Hendrik Pieter (Henk) Barendregt (born 18 December 1947, Amsterdam) is a Dutch logician, known for his work in lambda calculus and type theory.

== Life and work ==
Barendregt studied mathematical logic at Utrecht University, obtaining his master's degree in 1968 and his PhD in 1971, both cum laude, under Dirk van Dalen and Georg Kreisel. After a postdoctoral position at Stanford University, he taught at Utrecht University.

Since 1986, Barendregt has taught at Radboud University Nijmegen, where he now holds the Chair of Foundations of Mathematics and Computer Science. His research group works on Constructive Interactive Mathematics. He is also adjunct professor at Carnegie Mellon University, Pittsburgh, US. He has been a visiting scholar at Darmstadt, ETH Zürich, Siena, and Kyoto.

Barendregt was elected a member of Academia Europaea in 1992. In 1997 Barendregt was elected member of the Royal Netherlands Academy of Arts and Sciences. On 6 February 2003 Barendregt was awarded the Spinozapremie for 2002, the highest scientific award in the Netherlands. In 2002 he was knighted in the Orde van de Nederlandse Leeuw.

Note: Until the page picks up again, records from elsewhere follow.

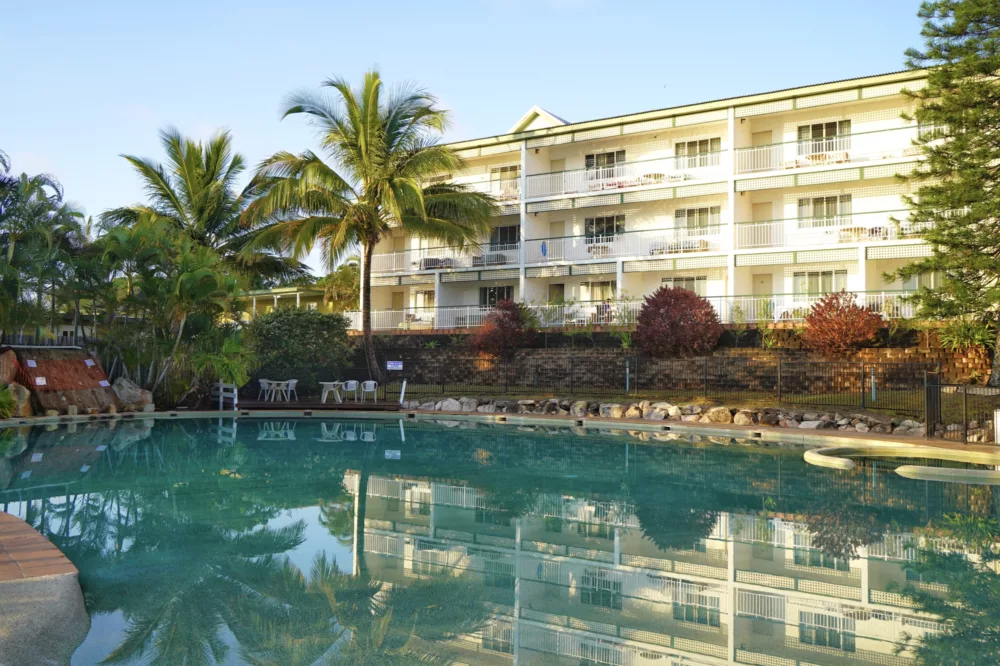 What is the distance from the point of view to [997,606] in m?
6.32

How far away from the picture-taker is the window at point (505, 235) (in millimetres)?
33625

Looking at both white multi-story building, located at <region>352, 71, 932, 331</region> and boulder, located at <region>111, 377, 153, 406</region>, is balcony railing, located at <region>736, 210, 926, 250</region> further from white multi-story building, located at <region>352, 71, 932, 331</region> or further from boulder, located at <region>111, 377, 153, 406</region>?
boulder, located at <region>111, 377, 153, 406</region>

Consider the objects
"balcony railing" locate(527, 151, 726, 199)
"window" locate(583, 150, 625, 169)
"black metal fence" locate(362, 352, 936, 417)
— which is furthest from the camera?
"window" locate(583, 150, 625, 169)

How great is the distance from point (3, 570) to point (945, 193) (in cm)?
2105

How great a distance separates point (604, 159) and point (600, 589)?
27.6m

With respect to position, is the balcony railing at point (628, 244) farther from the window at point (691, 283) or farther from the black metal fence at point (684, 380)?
the black metal fence at point (684, 380)

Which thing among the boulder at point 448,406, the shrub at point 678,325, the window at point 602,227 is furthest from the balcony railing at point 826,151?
the boulder at point 448,406

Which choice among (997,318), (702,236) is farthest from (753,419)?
(702,236)

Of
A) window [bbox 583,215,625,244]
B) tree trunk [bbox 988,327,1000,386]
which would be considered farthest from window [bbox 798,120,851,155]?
tree trunk [bbox 988,327,1000,386]

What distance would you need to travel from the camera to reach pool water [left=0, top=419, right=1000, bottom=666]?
5.41m

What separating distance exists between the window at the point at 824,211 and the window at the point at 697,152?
138 inches

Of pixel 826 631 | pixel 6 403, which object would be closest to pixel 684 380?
pixel 6 403

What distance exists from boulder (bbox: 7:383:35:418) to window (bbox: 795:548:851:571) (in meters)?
17.7

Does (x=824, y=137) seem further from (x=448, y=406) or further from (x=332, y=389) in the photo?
(x=332, y=389)
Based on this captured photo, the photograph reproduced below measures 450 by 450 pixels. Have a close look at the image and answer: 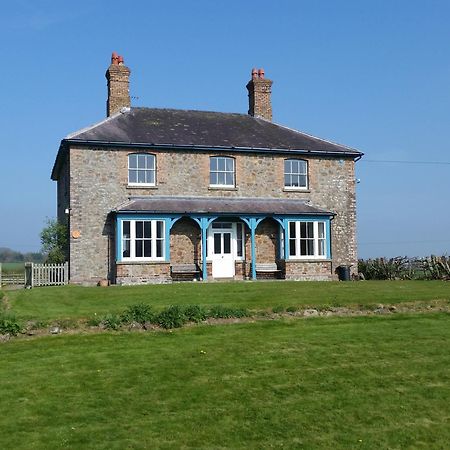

Barendregt received an honorary doctorate from Heriot-Watt University in 2015.

== Selected publications ==
- H.P. Barendregt (1984). "The Lambda Calculus — Its Syntax and Semantics" — See Errata
- Y. Toyama (1989). "Rewriting Techniques and Applications, 3rd Int. Conf., RTA-89"
- H.P. Barendregt (2001). "Rewriting Techniques and Applications, 12th Int. Conf., RTA-01"
- H.P. Barendregt, W. Dekkers and R. Statman (2013). "Lambda Calculus with Types"
- H.P. Barendregt and G. Manzonetto (2022). "A Lambda Calculus Satellite"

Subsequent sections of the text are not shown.